* Description of the task:
Copy all records exactly; omit pictures.

* Available data:
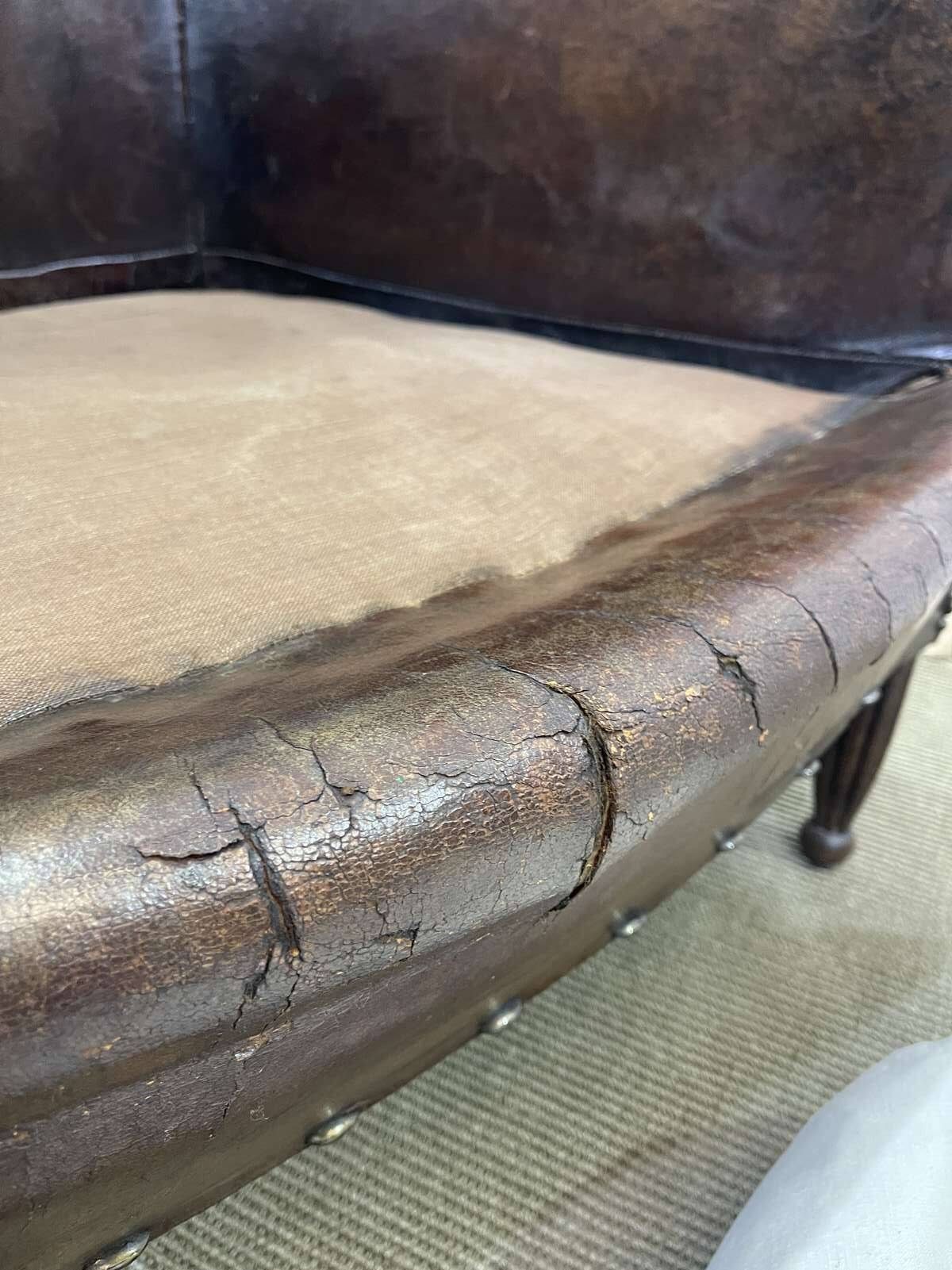 Art Deco period club lounge in leather and fabric seating
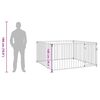 vidaXL Outdoor Dog Kennel 200x200x100 cm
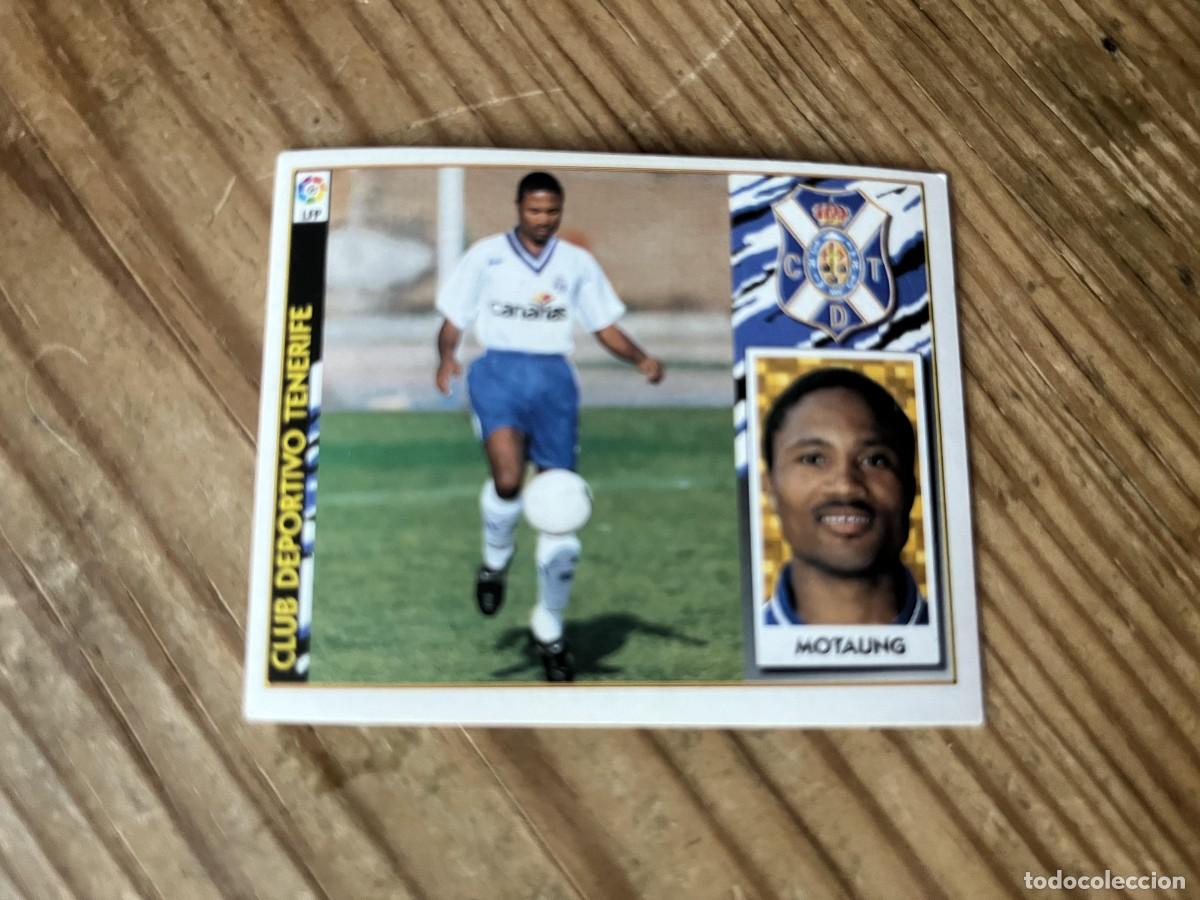 Fu&szlig;ball-Sticker: CROMO SIN PEGAR NUNCA PEGADO ALBUM LIGA ESTE 97 98 1997 1998 TENERIFE MOTAUNG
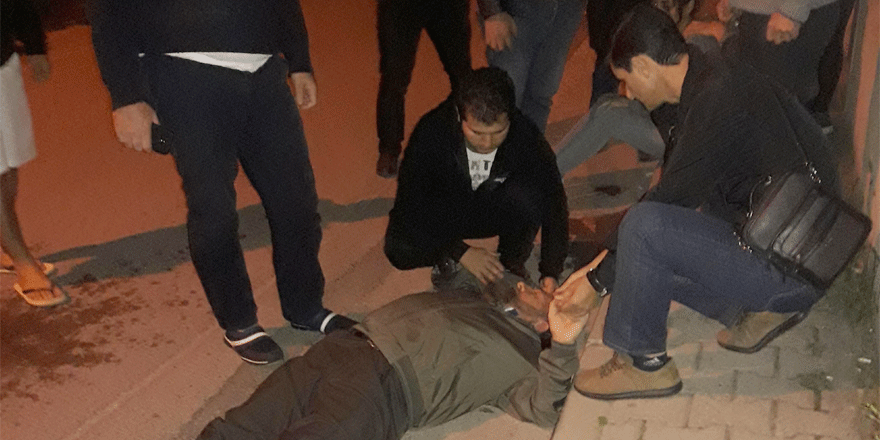 Motosiklet sürücüsü yaralandı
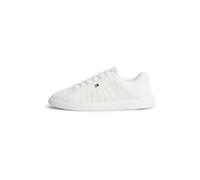 Tommy Hilfiger Femme Th Icon Light Knit Sneaker Fw0fw09401 Bas, White (Ecru), 37 EU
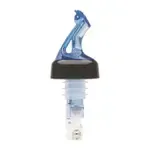 BMP-5100B, 1 Oz Bar Maid "Premium Pour" Measured Pourers with Flip Top and Black Collar, Blue, 12/PK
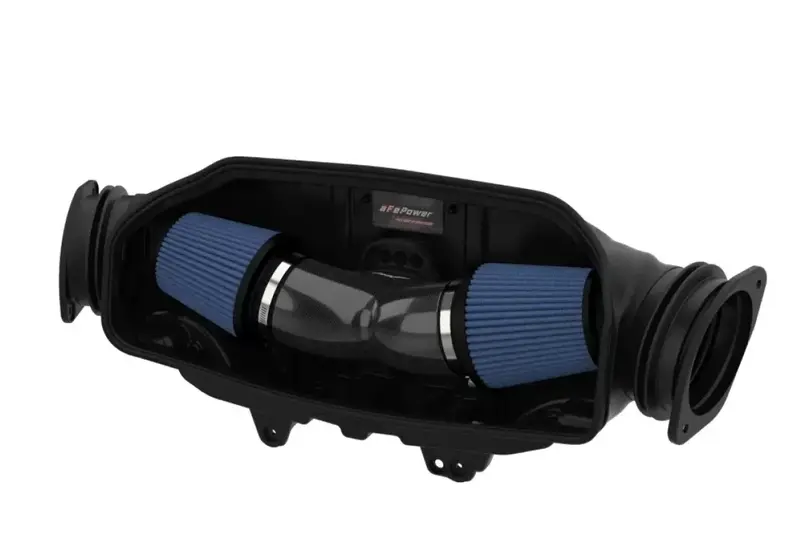 Afe Power Track Series Carbon Fiber Cold Air Intake System W/ Pro 5R Filters Chevrolet Corvette C8 V8 6.2L 2020-2023 Clearance 1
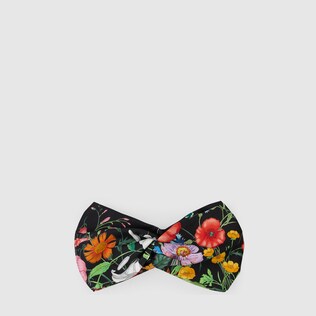 Flora print silk headband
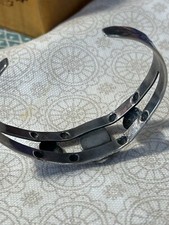 Fred Harvey era sterling silver turquoise cuff bracelet - 7 Inch - Additional view 9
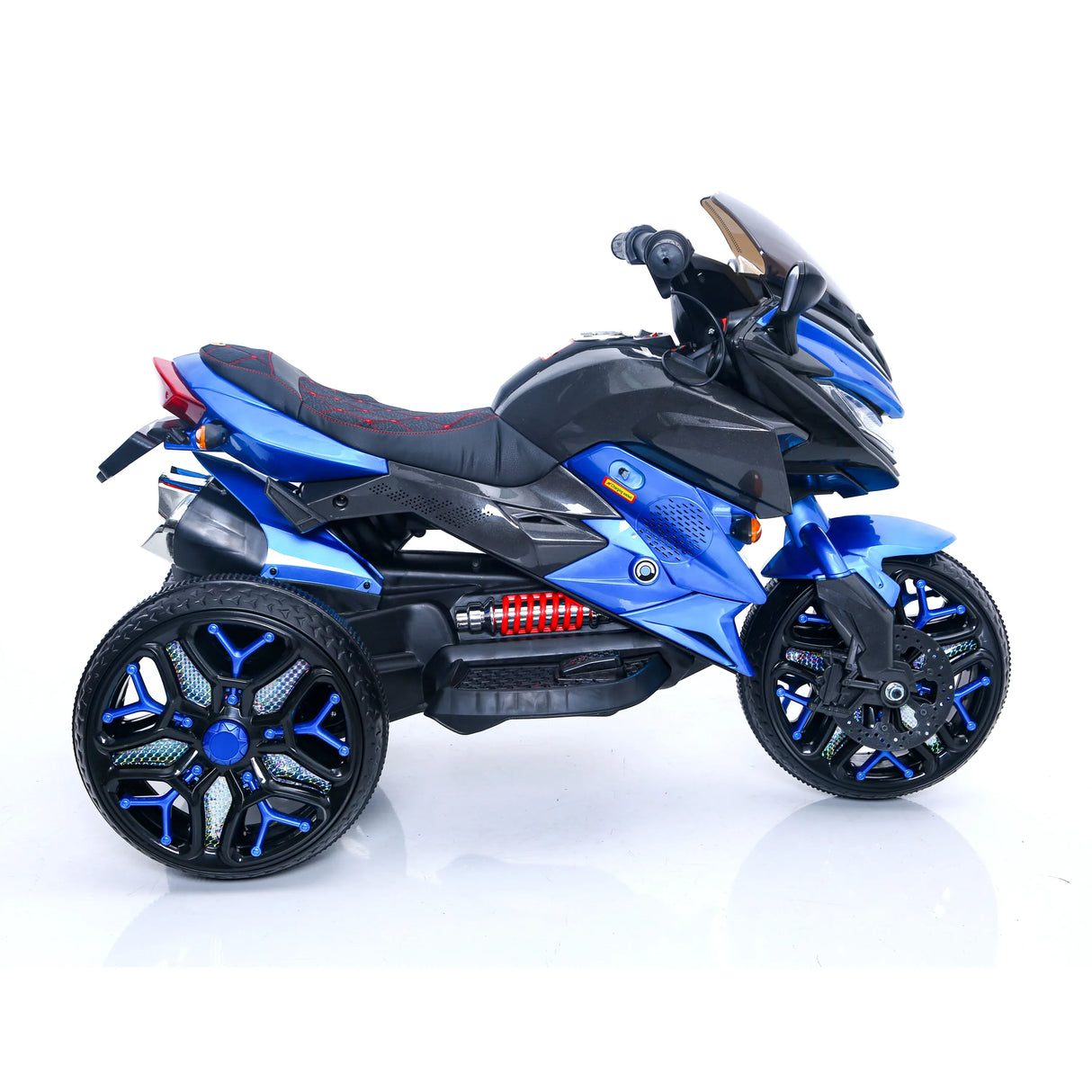 12V Kids Ride-On Motorcycle With PU Seat And Lights - Omega Lifestyles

* Answer section:
 Art Deco period club lounge in leather and fabric seating
 vidaXL Outdoor Dog Kennel 200x200x100 cm
 Fu&szlig;ball-Sticker: CROMO SIN PEGAR NUNCA PEGADO ALBUM LIGA ESTE 97 98 1997 1998 TENERIFE MOTAUNG
 Motosiklet sürücüsü yaralandı
 Tommy Hilfiger Femme Th Icon Light Knit Sneaker Fw0fw09401 Bas, White (Ecru), 37 EU
 BMP-5100B, 1 Oz Bar Maid "Premium Pour" Measured Pourers with Flip Top and Black Collar, Blue, 12/PK
 Afe Power Track Series Carbon Fiber Cold Air Intake System W/ Pro 5R Filters Chevrolet Corvette C8 V8 6.2L 2020-2023 Clearance 1
 Flora print silk headband
 Fred Harvey era sterling silver turquoise cuff bracelet - 7 Inch - Additional view 9
 12V Kids Ride-On Motorcycle With PU Seat And Lights - Omega Lifestyles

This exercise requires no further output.